>>3052475I forgot to mention warmth of accommodation. Most of the time, when you want every part of the house to be accessible, the smaller house provides greater WoA.
For examble, if you're focused on a task in the kitchen and you need to see what's going on in the loungeroom and the first bedroom at the same time, the smaller house will make that easier to acheive.
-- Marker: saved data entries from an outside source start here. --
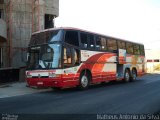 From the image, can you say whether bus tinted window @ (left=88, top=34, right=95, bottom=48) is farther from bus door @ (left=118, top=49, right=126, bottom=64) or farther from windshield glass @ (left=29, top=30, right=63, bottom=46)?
bus door @ (left=118, top=49, right=126, bottom=64)

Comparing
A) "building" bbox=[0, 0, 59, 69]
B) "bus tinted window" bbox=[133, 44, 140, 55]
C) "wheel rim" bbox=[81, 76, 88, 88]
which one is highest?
"building" bbox=[0, 0, 59, 69]

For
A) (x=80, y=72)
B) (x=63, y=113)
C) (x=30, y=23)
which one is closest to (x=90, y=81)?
(x=80, y=72)

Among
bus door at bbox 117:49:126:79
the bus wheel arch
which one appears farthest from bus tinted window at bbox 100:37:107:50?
the bus wheel arch

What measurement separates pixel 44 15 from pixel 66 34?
1326 cm

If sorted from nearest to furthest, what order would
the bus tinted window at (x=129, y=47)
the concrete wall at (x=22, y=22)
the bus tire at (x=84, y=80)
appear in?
1. the bus tire at (x=84, y=80)
2. the bus tinted window at (x=129, y=47)
3. the concrete wall at (x=22, y=22)

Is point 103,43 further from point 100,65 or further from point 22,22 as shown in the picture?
point 22,22

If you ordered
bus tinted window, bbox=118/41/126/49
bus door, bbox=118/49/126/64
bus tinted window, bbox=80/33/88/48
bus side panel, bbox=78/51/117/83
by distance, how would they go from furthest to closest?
1. bus tinted window, bbox=118/41/126/49
2. bus door, bbox=118/49/126/64
3. bus side panel, bbox=78/51/117/83
4. bus tinted window, bbox=80/33/88/48

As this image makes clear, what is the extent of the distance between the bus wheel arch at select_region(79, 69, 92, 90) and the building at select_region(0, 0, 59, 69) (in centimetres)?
859

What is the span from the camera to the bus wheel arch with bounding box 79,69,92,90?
1761 centimetres

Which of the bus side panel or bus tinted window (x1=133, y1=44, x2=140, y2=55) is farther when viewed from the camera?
bus tinted window (x1=133, y1=44, x2=140, y2=55)

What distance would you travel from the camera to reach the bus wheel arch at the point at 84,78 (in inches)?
693

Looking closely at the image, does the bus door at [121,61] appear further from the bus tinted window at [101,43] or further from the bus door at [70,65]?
the bus door at [70,65]

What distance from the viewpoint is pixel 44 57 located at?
16.6 m

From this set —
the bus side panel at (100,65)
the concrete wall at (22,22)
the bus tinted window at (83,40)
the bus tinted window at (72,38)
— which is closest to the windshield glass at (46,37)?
the bus tinted window at (72,38) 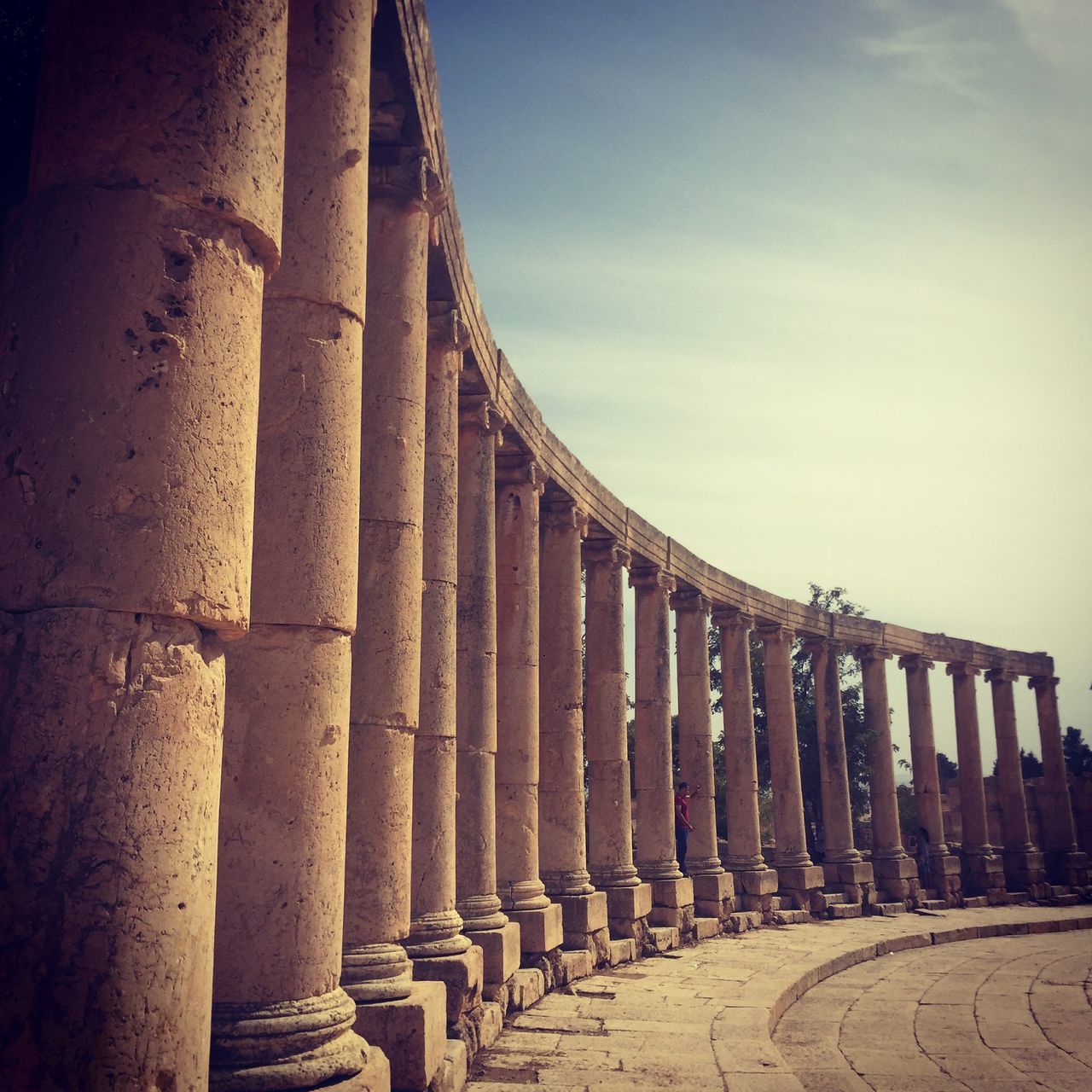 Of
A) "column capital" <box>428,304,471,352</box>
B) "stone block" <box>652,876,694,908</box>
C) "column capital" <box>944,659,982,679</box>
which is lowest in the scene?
"stone block" <box>652,876,694,908</box>

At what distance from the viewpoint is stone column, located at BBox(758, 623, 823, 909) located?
108 feet

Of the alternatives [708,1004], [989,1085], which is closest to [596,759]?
[708,1004]

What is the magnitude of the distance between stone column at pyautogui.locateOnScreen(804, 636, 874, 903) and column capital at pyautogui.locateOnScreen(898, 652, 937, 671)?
4804mm

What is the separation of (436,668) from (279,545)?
20.2 feet

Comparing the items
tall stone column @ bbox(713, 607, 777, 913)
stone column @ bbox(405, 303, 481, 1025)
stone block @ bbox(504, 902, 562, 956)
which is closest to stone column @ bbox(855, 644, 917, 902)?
tall stone column @ bbox(713, 607, 777, 913)

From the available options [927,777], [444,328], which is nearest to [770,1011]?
[444,328]

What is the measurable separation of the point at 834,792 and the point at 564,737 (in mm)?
18021

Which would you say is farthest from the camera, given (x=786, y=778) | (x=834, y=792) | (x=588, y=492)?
(x=834, y=792)

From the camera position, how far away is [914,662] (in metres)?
41.4

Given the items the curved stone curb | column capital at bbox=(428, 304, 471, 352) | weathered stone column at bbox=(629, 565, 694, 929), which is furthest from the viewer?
weathered stone column at bbox=(629, 565, 694, 929)

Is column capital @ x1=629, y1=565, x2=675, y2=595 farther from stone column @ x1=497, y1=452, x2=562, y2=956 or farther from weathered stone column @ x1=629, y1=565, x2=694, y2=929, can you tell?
stone column @ x1=497, y1=452, x2=562, y2=956

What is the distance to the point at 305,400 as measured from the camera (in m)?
7.67

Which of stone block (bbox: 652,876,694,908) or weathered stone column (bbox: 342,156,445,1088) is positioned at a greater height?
weathered stone column (bbox: 342,156,445,1088)

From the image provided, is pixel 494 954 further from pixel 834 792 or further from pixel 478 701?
pixel 834 792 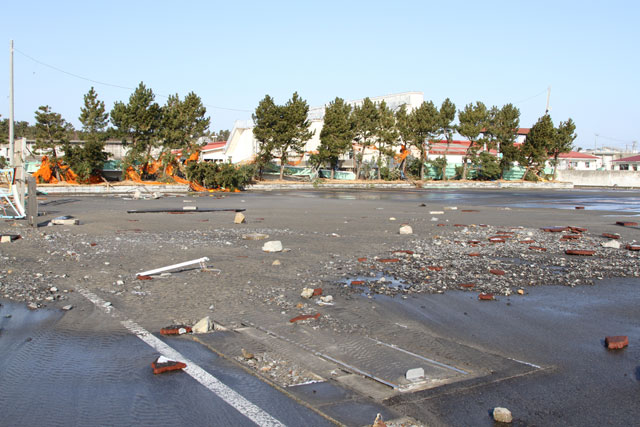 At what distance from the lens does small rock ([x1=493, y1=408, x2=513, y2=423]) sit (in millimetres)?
3840

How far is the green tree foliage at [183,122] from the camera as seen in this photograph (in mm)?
45031

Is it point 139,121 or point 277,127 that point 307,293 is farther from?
point 277,127

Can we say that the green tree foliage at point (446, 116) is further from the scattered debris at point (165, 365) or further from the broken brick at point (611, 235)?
the scattered debris at point (165, 365)

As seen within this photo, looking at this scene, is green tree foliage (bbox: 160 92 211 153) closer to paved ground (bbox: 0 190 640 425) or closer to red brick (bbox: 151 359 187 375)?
paved ground (bbox: 0 190 640 425)

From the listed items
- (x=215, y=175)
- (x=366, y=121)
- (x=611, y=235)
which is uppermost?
(x=366, y=121)

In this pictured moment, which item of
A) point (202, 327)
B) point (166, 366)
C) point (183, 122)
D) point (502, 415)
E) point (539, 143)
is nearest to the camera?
point (502, 415)

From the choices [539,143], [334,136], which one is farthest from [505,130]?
[334,136]

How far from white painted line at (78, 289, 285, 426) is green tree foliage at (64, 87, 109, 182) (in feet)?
123

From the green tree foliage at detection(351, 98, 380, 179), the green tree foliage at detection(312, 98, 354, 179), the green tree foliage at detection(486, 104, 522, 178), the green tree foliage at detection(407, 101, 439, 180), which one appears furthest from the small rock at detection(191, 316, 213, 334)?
the green tree foliage at detection(486, 104, 522, 178)

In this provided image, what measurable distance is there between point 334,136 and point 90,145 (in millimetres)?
25400

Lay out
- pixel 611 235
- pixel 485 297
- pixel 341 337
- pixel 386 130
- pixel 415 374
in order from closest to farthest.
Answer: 1. pixel 415 374
2. pixel 341 337
3. pixel 485 297
4. pixel 611 235
5. pixel 386 130

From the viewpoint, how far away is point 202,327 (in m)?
5.82

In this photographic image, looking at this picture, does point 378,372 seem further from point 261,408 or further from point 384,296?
point 384,296

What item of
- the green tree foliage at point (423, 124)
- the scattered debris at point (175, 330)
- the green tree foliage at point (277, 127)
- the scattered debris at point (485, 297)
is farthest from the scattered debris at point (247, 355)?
the green tree foliage at point (423, 124) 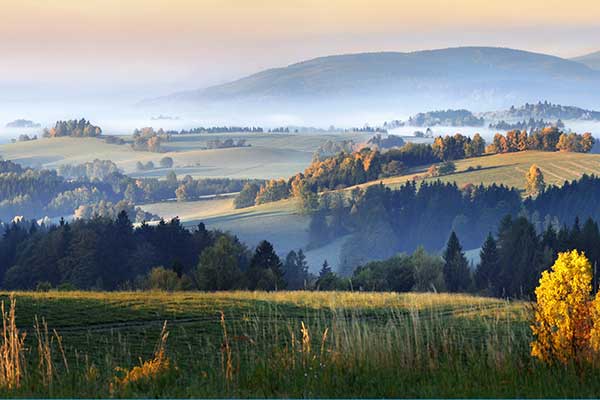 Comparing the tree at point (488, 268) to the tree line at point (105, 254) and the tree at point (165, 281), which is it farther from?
the tree at point (165, 281)

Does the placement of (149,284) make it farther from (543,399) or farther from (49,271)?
(543,399)

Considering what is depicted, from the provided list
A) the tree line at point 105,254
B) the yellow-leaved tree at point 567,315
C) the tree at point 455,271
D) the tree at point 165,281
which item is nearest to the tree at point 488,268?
the tree at point 455,271

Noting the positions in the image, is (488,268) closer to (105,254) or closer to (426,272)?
(426,272)

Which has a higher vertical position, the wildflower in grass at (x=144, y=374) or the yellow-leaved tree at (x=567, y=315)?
the yellow-leaved tree at (x=567, y=315)

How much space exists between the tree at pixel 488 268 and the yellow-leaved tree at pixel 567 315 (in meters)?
85.7

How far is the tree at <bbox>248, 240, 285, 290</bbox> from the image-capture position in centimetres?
6612

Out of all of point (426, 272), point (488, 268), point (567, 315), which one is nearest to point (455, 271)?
point (488, 268)

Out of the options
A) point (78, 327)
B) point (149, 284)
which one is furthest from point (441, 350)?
point (149, 284)

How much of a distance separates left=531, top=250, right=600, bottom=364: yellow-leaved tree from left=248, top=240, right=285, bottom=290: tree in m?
48.5

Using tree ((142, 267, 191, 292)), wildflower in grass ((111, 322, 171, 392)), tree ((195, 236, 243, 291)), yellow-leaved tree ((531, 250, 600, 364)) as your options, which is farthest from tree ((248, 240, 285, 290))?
wildflower in grass ((111, 322, 171, 392))

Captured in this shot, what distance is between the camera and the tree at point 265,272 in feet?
217

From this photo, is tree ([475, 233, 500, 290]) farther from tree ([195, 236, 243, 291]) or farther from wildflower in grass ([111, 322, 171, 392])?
wildflower in grass ([111, 322, 171, 392])

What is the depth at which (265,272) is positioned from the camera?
226 feet

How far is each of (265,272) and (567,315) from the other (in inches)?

If you're new to houses, however, and not yet capable of basic "living in a house" skills like making a space an expression of your own style, cooperating with others in close proximity to you, or keeping a home clean and tidy; and you have a lot of money to throw around, the McMansion enables you to ignore developing a lot of these skills and just extoll the virtues of living with as little WoA as possible. Intimacy amd sharing and ease of communication aren't the reasons people chose to live in houses in the first place anyway. You want that sense of isolation.
Big empty rooms are everywhere, and you can simply switch rooms for different simple tasks, rather than making any of them truly function effectively.
I mean, why bother keeping a 200SQF room really neat and tidy when you've got 12800SQF to play with? Sure, the 1600SQF dining hall can get a little noisy, but you can use it whenever you want. Can you imagine being one of those plebs who has to actually go outside, or set up extra furniture when they run out of dining space?!
WoA is a meme for cucks, I shouldn't have even brought it up. I mean, you can always just shut doors in your big house if you want more "WoA", right? I mean who even cares that it takes 1 minute to walk 22m down a flight of stairs to get from my wardrobe to the laundry, compared to 11m and 1/4 minute in the smaller house? How often do you have to wash clothes anyway?